EXERCISE MATERIALS:

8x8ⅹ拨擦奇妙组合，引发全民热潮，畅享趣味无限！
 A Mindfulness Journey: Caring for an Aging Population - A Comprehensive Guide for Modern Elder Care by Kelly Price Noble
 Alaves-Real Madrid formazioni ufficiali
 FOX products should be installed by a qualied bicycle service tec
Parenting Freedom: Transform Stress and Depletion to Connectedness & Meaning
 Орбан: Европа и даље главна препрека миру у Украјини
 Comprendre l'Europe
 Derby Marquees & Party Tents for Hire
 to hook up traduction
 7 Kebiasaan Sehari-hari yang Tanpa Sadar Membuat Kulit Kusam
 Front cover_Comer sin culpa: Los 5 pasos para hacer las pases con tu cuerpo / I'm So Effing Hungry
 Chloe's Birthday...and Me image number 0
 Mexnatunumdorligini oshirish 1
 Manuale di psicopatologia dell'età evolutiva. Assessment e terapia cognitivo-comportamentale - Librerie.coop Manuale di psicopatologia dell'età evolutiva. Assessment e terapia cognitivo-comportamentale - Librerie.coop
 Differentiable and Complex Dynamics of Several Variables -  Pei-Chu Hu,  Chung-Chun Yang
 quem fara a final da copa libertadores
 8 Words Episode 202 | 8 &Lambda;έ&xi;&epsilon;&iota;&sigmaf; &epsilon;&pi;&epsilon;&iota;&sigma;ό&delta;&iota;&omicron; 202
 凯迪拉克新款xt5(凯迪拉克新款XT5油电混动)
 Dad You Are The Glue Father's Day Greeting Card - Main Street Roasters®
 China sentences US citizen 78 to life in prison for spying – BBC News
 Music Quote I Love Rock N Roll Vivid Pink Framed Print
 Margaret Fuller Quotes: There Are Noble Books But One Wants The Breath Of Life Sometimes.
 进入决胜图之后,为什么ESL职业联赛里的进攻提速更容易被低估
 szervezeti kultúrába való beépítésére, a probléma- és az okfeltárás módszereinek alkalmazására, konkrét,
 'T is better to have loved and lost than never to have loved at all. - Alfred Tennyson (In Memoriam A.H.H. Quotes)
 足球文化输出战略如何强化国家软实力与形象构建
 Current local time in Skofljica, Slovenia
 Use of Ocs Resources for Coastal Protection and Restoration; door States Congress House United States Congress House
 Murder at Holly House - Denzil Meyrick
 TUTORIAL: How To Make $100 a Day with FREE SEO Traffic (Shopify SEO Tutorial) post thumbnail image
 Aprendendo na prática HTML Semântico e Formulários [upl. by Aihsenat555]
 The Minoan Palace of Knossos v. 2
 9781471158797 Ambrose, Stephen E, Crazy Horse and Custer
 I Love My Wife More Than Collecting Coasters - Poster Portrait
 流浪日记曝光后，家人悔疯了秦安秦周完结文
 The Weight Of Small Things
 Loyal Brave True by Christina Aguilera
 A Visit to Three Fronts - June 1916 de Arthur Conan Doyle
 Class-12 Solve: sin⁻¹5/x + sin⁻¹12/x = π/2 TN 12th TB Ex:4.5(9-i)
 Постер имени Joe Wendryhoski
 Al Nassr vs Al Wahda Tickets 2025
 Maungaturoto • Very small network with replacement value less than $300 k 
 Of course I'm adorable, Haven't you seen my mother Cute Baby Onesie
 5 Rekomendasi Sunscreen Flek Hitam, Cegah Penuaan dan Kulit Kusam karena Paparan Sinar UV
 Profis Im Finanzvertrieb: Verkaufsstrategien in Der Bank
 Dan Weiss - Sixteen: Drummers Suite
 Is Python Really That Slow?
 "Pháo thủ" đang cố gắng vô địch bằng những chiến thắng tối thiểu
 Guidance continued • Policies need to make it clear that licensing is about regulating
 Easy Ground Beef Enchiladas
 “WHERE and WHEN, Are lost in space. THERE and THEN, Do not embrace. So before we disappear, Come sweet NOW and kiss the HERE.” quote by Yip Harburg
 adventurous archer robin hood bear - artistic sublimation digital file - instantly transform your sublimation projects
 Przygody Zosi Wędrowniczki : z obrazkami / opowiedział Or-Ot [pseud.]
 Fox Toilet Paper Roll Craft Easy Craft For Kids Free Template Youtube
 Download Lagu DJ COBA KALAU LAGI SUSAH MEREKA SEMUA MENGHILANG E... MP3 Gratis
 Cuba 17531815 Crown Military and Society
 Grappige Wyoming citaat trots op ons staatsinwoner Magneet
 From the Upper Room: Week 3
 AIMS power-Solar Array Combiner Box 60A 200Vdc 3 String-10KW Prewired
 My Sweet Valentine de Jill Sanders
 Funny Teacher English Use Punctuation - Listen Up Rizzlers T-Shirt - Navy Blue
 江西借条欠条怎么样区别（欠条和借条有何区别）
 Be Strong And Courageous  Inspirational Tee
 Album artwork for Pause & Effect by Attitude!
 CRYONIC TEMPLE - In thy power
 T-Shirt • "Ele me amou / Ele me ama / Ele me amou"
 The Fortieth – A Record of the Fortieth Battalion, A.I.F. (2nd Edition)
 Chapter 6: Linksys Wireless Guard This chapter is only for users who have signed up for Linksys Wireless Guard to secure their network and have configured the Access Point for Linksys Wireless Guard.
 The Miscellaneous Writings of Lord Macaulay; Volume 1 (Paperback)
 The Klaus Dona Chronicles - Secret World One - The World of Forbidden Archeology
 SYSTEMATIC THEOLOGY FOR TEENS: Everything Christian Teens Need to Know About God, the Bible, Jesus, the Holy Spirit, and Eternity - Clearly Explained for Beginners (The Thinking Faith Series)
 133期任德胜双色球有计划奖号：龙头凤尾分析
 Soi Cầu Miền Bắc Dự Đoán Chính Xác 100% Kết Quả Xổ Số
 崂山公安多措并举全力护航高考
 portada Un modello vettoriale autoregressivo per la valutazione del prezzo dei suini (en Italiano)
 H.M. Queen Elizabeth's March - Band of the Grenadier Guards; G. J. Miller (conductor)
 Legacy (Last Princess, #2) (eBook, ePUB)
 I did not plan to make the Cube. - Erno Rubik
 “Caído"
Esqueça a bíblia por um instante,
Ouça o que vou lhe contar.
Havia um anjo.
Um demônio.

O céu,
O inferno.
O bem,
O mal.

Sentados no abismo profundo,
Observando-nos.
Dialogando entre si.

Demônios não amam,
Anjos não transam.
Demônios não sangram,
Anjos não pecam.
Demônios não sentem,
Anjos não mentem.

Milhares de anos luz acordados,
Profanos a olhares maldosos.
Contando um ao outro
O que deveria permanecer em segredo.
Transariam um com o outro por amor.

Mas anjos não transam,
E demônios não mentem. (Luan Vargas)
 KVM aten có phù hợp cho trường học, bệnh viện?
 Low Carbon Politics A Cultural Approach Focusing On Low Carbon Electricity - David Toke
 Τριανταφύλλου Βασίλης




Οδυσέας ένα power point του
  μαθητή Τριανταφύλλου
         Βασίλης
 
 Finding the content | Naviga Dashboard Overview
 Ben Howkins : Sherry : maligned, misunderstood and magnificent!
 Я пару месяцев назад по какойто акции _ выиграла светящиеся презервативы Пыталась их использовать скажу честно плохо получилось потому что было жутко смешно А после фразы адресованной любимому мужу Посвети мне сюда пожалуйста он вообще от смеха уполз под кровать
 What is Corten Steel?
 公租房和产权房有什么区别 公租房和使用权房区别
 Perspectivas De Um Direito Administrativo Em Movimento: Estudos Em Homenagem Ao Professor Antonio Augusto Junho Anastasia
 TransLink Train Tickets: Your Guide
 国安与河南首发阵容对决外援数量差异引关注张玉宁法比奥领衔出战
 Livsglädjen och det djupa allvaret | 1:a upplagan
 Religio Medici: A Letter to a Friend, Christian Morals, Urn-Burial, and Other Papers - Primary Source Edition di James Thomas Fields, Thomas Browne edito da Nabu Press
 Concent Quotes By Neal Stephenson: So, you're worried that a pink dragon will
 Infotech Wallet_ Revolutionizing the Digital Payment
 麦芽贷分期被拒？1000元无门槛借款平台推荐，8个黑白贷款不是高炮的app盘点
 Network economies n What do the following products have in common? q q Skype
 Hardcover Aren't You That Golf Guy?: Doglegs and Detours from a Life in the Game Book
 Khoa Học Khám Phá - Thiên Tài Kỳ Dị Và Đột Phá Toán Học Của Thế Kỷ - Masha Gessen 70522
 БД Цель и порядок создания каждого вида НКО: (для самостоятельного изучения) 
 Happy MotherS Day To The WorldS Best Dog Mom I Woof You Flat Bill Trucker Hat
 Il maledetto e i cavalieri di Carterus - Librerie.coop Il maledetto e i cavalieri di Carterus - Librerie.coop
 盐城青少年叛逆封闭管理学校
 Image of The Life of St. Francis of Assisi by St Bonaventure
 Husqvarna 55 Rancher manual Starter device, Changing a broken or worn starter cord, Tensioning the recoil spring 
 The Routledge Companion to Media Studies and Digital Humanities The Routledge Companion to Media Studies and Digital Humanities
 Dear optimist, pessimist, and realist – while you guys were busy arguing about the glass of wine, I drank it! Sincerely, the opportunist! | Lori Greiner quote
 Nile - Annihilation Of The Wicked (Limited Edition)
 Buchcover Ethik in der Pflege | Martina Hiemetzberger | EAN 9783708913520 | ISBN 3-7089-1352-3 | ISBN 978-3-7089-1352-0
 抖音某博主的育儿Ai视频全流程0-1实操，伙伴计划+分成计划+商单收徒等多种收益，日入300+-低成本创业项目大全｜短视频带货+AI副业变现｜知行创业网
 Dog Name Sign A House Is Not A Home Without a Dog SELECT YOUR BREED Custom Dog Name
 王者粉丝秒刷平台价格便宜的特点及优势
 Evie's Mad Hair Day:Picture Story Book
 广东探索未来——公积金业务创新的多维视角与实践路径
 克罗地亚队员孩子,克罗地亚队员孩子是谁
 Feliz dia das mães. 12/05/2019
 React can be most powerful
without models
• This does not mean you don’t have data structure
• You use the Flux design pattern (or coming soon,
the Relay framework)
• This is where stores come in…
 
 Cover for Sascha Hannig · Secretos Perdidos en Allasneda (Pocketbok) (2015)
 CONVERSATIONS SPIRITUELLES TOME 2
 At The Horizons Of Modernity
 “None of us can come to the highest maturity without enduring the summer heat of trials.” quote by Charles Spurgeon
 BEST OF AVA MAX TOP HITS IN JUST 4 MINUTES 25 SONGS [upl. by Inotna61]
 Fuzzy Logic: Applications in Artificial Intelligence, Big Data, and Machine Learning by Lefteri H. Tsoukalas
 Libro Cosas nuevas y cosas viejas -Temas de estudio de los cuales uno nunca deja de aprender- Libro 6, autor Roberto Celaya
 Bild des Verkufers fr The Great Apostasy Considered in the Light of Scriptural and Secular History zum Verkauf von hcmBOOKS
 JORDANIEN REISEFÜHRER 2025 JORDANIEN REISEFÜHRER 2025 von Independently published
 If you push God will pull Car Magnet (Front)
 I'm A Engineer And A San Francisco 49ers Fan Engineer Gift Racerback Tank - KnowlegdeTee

YOUR ASSIGNMENT:
When you reach the line holding "quem fara a final da copa libertadores" in the records above, begin reproducing exactly, stop after the line holding "9781471158797 Ambrose, Stephen", and output nothing else.

ANSWER TO THIS EXERCISE:
 quem fara a final da copa libertadores
 8 Words Episode 202 | 8 &Lambda;έ&xi;&epsilon;&iota;&sigmaf; &epsilon;&pi;&epsilon;&iota;&sigma;ό&delta;&iota;&omicron; 202
 凯迪拉克新款xt5(凯迪拉克新款XT5油电混动)
 Dad You Are The Glue Father's Day Greeting Card - Main Street Roasters®
 China sentences US citizen 78 to life in prison for spying – BBC News
 Music Quote I Love Rock N Roll Vivid Pink Framed Print
 Margaret Fuller Quotes: There Are Noble Books But One Wants The Breath Of Life Sometimes.
 进入决胜图之后,为什么ESL职业联赛里的进攻提速更容易被低估
 szervezeti kultúrába való beépítésére, a probléma- és az okfeltárás módszereinek alkalmazására, konkrét,
 'T is better to have loved and lost than never to have loved at all. - Alfred Tennyson (In Memoriam A.H.H. Quotes)
 足球文化输出战略如何强化国家软实力与形象构建
 Current local time in Skofljica, Slovenia
 Use of Ocs Resources for Coastal Protection and Restoration; door States Congress House United States Congress House
 Murder at Holly House - Denzil Meyrick
 TUTORIAL: How To Make $100 a Day with FREE SEO Traffic (Shopify SEO Tutorial) post thumbnail image
 Aprendendo na prática HTML Semântico e Formulários [upl. by Aihsenat555]
 The Minoan Palace of Knossos v. 2
 9781471158797 Ambrose, Stephen E, Crazy Horse and Custer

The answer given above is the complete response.